--- DATASET RECORDS ---

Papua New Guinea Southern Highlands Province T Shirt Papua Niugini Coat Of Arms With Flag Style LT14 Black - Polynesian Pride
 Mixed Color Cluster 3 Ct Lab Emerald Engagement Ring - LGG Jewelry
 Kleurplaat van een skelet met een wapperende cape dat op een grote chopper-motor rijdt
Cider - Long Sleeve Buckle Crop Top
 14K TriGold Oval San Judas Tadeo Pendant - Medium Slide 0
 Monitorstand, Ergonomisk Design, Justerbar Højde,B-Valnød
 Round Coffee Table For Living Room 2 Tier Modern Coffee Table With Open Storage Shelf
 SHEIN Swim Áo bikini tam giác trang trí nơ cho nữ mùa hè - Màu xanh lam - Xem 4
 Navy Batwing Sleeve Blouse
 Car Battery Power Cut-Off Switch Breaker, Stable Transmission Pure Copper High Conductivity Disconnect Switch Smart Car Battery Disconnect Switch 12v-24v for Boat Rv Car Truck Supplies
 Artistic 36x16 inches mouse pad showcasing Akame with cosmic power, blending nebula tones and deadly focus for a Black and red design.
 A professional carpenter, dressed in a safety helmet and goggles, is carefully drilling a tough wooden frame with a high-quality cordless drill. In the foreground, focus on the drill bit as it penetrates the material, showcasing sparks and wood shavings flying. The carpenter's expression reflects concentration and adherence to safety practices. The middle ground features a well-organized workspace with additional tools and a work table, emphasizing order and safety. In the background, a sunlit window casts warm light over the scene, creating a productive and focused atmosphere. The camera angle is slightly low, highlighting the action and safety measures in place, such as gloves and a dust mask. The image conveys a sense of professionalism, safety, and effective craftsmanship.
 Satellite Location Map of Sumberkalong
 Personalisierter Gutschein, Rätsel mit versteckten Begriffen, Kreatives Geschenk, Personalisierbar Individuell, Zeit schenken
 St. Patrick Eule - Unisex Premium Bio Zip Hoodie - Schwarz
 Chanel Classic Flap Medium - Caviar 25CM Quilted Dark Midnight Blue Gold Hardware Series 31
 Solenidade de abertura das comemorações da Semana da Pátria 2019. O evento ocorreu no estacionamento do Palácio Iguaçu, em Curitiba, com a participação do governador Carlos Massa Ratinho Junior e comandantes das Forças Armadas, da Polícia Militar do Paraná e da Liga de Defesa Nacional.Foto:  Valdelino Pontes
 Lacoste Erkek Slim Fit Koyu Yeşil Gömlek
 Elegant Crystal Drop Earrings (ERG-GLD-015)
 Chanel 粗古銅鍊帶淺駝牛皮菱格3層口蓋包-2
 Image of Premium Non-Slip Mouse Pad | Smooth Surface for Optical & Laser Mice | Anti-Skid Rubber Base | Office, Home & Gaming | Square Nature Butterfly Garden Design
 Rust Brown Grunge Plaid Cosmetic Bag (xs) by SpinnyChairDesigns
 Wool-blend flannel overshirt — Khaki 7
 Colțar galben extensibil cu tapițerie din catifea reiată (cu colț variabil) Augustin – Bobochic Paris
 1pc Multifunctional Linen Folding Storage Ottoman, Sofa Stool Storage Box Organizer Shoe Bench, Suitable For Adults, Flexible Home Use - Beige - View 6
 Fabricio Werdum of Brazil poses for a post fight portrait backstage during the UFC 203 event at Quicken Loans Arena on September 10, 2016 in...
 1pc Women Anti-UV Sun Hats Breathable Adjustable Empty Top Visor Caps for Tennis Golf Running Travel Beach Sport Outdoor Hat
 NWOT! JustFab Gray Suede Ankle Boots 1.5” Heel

---

§ EXERCISE INSTRUCTIONS: Reproduce, word for word and in full, only the lines above that start at the line with "Monitorstand, Ergonomisk Design, Justerbar" and run through the line with "Navy Batwing Sleeve Blouse", both ends included.

§ SOLUTION:
 Monitorstand, Ergonomisk Design, Justerbar Højde,B-Valnød
 Round Coffee Table For Living Room 2 Tier Modern Coffee Table With Open Storage Shelf
 SHEIN Swim Áo bikini tam giác trang trí nơ cho nữ mùa hè - Màu xanh lam - Xem 4
 Navy Batwing Sleeve Blouse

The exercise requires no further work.